For some employees, who were rostered on longer shifts, this system meant that they could potentially exhaust their allocation of paid personal leave before they had the benefit of 10 separate calendar days of leave (and have to access any additional leave as unpaid leave).
The High Court decision requires employers to ensure all full-time employees accrue and deduct personal leave at the rate of 1/26 of ordinary hours worked, regardless of how long a shift on a particular day might be when personal leave is taken.
In accordance with its Enterprise Agreement, Mondelez employees were:
When employees took paid personal leave for single 12-hour shifts, Mondelez would deduct 12 hours from their accrued personal/carer’s leave balance. Over the course of a year, the leave accrued by the employees was sufficient to cover absences from work for only eight 12-hour shifts.
The High Court confirmed that this approach is correct.
Section 96 of the FW Act is part of the National Employment Standards (NES) set out in Part 2-2 of the FW Act. Relevantly, it provides that:
(1) For each year of service with his or her employer, an employee is entitled to 10 days of paid personal/carer’s leave.
(2) An employee’s entitlement to paid personal/carer’s leave accrues progressively during a year of service according to the employee’s ordinary hours of work, and accumulates from year to year.
Mondelez, supported by the Commonwealth as intervener, argued that the word ‘day’ in section 96(1) does not refer to a calendar day or working day but rather to its ‘industrial meaning’ of a ‘notional day’, calculated by reference to the individual employee’s average weekly ordinary hours divided by five.
On this basis, a hypothetical employee who works 36 ordinary hours at an average of 7.2 hours per day over a 5-day working week has a ‘notional day’ of 7.2 hours. This means that the employee is entitled to 10 such days (or 72 hours) of paid personal leave for each year of service. If the employee took a day of personal leave, the employee would be paid 7.2 hours’ wages, and 7.2 hours would be deducted from the employee’s accrued leave balance.
According to Mondelez this meant that the employees’ entitlement to 96 hours of leave per year under their enterprise agreement was in excess of their minimum entitlement under the NES. This was accepted by the High Court.

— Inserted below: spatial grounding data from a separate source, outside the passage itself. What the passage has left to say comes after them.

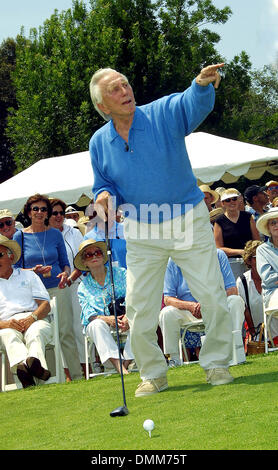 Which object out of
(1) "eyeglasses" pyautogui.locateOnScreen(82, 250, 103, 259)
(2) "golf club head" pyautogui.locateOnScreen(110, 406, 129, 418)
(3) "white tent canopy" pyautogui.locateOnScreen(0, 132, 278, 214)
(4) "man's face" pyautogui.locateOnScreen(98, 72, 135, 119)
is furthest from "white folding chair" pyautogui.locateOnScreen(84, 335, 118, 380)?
(3) "white tent canopy" pyautogui.locateOnScreen(0, 132, 278, 214)

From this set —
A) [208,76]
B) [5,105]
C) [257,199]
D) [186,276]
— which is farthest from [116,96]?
[5,105]

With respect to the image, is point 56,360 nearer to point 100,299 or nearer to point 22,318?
point 22,318

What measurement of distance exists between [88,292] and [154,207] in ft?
11.5

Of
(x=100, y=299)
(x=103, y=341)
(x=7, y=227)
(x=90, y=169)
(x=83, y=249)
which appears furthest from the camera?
(x=90, y=169)

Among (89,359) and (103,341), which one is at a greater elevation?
(103,341)

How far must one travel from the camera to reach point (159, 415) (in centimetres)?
541

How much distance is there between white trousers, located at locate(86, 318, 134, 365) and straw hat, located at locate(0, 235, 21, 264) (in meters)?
1.21

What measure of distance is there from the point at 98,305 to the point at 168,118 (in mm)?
3742

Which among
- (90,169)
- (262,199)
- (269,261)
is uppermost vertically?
(90,169)

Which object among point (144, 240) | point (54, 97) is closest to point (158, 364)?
point (144, 240)

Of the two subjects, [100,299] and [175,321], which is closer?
[175,321]

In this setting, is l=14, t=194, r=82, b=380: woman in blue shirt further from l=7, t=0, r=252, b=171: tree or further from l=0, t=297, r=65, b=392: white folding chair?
l=7, t=0, r=252, b=171: tree

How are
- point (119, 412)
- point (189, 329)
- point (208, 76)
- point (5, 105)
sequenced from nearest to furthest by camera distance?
1. point (119, 412)
2. point (208, 76)
3. point (189, 329)
4. point (5, 105)

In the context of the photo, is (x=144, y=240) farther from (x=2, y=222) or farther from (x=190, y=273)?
(x=2, y=222) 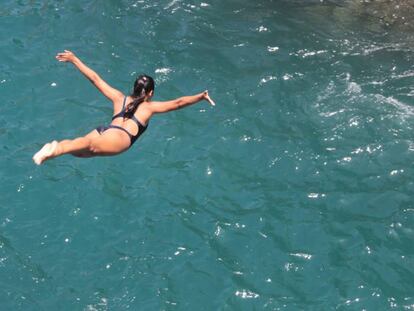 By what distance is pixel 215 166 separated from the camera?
50.4ft

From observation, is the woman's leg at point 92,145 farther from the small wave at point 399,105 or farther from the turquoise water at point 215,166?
the small wave at point 399,105

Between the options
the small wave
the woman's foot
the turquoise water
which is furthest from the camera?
the small wave

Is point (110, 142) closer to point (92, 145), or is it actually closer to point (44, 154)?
point (92, 145)

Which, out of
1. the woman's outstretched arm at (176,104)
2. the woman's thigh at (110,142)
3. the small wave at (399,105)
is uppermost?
the woman's outstretched arm at (176,104)

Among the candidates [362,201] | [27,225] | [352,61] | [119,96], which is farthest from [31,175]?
[352,61]

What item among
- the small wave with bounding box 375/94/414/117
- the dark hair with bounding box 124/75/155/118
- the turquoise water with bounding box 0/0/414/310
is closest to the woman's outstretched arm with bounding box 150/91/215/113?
the dark hair with bounding box 124/75/155/118

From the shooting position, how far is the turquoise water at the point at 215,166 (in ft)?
42.5

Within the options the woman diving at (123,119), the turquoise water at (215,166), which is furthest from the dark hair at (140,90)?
the turquoise water at (215,166)

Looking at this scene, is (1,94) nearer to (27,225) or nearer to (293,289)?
(27,225)

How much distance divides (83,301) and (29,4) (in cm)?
1154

The AMWU, on the other hand, argued for the Full Court’s interpretation of a ‘day’ was a ‘’working day’. On this basis, it said, section 96(1) allows employees to be absent from work without loss of pay on “the portion of 10, 24-hour periods that would otherwise be allocated to work”. On this construction, the employees were entitled to 120 hours (10 x 12 hour shifts) personal leave each year, rather than the 96 hours provided by the enterprise agreement.
The plurality comprised of Chief Justice Kiefel and Justices Nettle and Gordon accepted Mondelez’s ‘construction’, finding that the concept of an employee’s ‘ordinary hours of work’ was the touchstone for conferring leave under the personal leave scheme, including the meaning of a ‘day’ under section 96(1) of the FW Act.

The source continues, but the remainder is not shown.